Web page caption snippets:

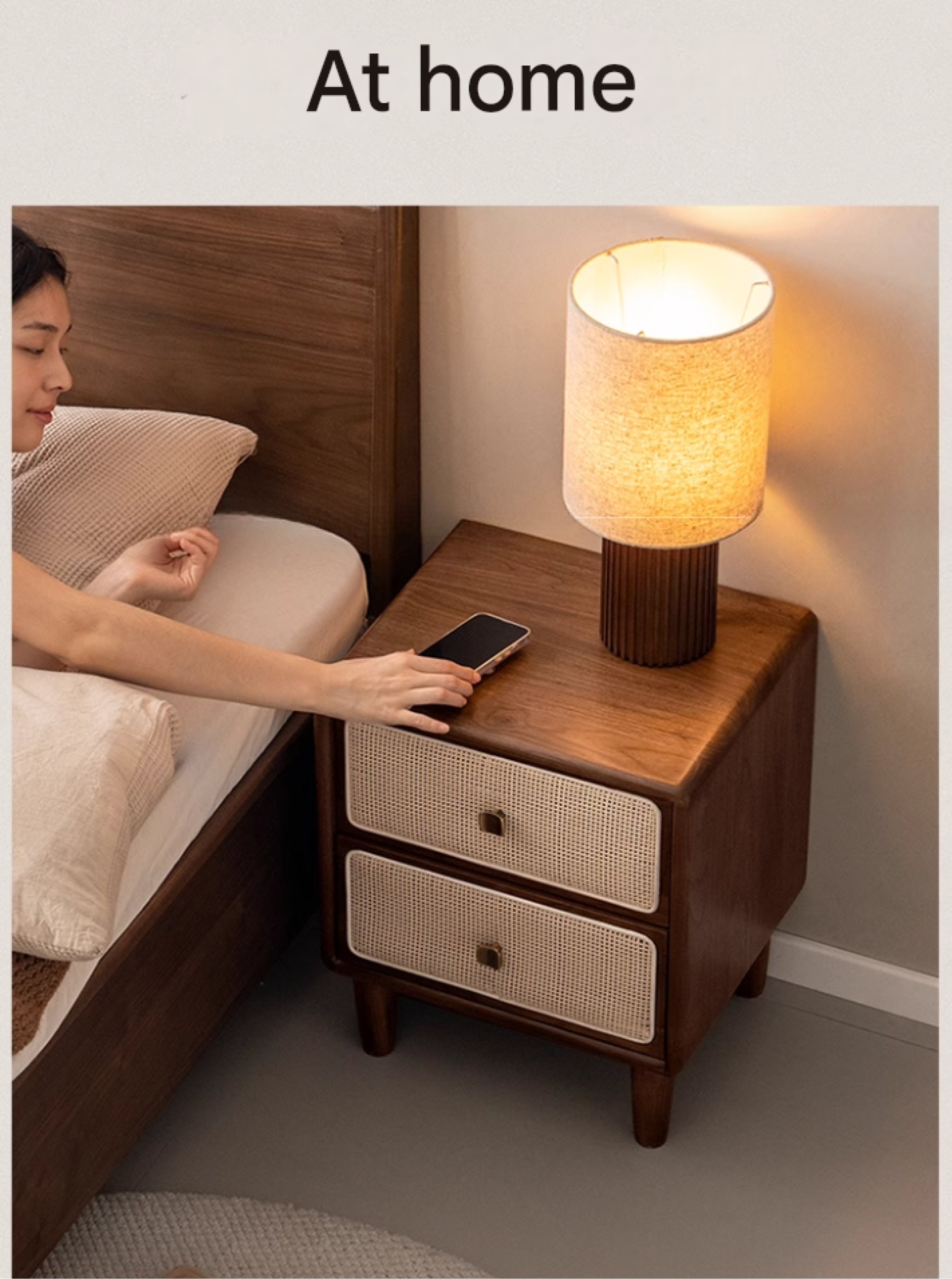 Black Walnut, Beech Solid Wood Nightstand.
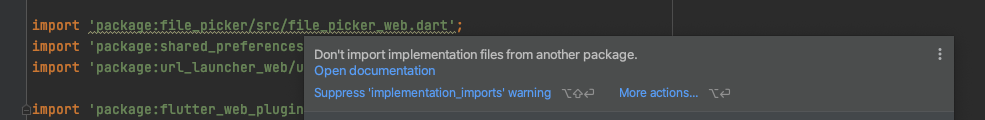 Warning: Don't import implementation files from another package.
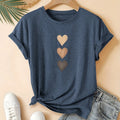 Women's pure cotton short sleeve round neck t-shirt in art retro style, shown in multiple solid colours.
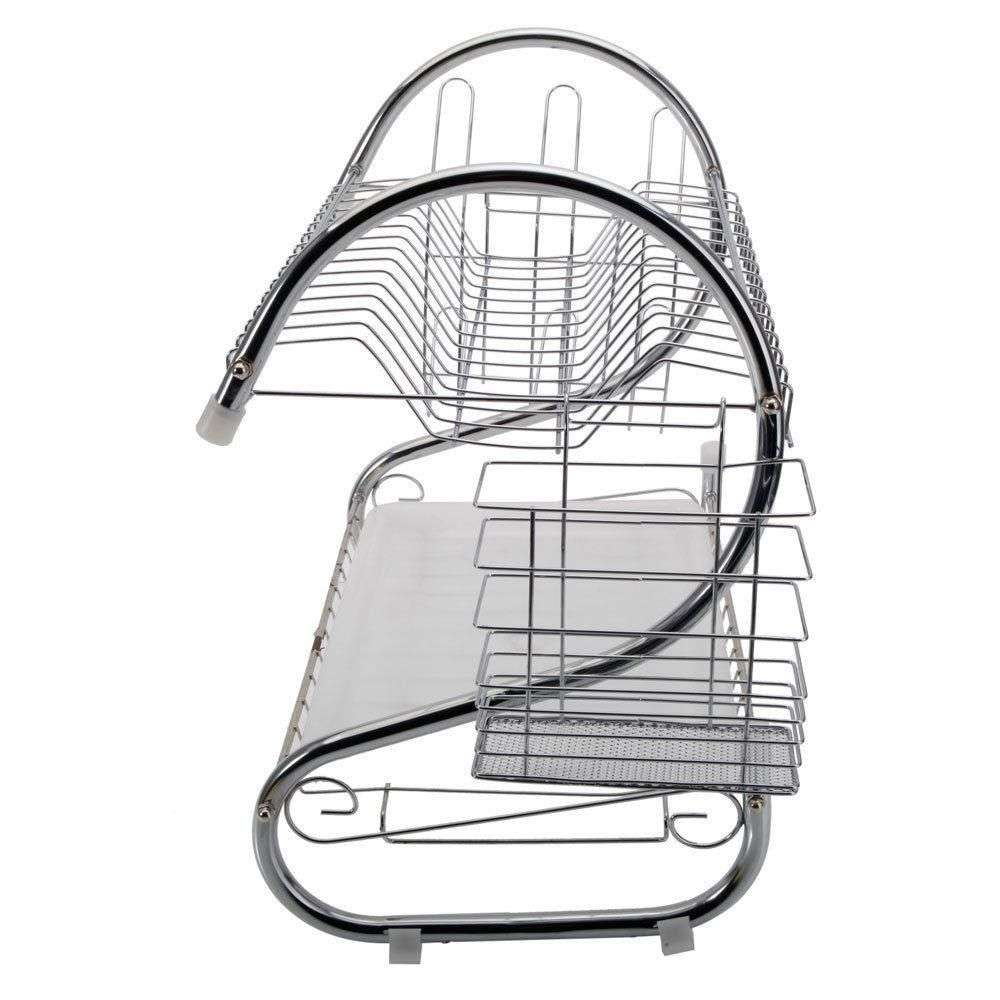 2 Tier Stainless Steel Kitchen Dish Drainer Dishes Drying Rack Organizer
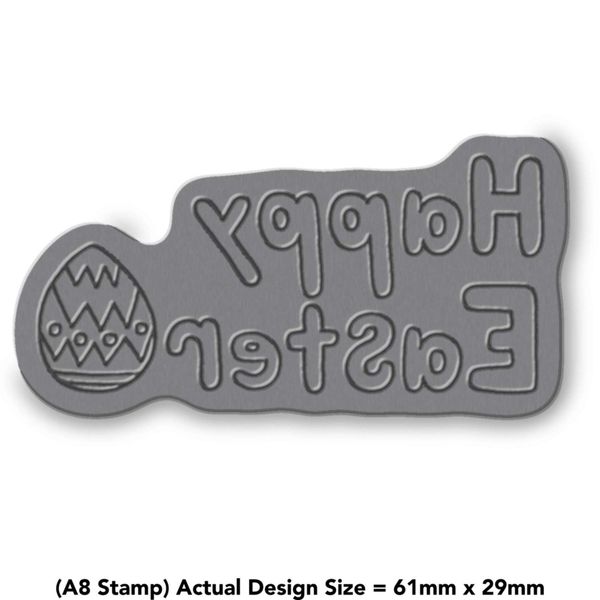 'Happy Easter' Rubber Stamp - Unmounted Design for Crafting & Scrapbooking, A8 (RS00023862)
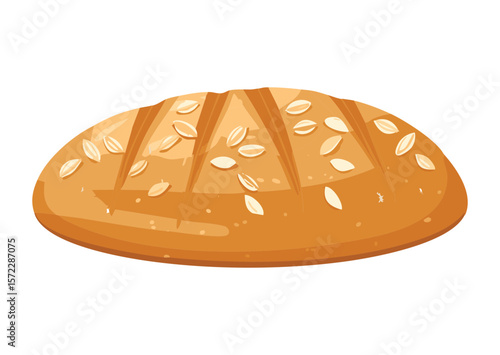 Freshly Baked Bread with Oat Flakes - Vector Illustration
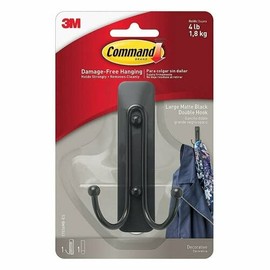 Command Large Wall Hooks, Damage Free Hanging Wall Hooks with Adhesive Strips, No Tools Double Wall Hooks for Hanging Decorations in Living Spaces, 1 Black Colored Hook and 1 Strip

INSTRUCTIONS FOR THE TASK:
Your answer should reproduce every line of the data verbatim and include no images.

EXERCISE RESPONSE:
 Black Walnut, Beech Solid Wood Nightstand.
 Warning: Don't import implementation files from another package.
 Women's pure cotton short sleeve round neck t-shirt in art retro style, shown in multiple solid colours.
 2 Tier Stainless Steel Kitchen Dish Drainer Dishes Drying Rack Organizer
 'Happy Easter' Rubber Stamp - Unmounted Design for Crafting & Scrapbooking, A8 (RS00023862)
 Freshly Baked Bread with Oat Flakes - Vector Illustration
 Command Large Wall Hooks, Damage Free Hanging Wall Hooks with Adhesive Strips, No Tools Double Wall Hooks for Hanging Decorations in Living Spaces, 1 Black Colored Hook and 1 Strip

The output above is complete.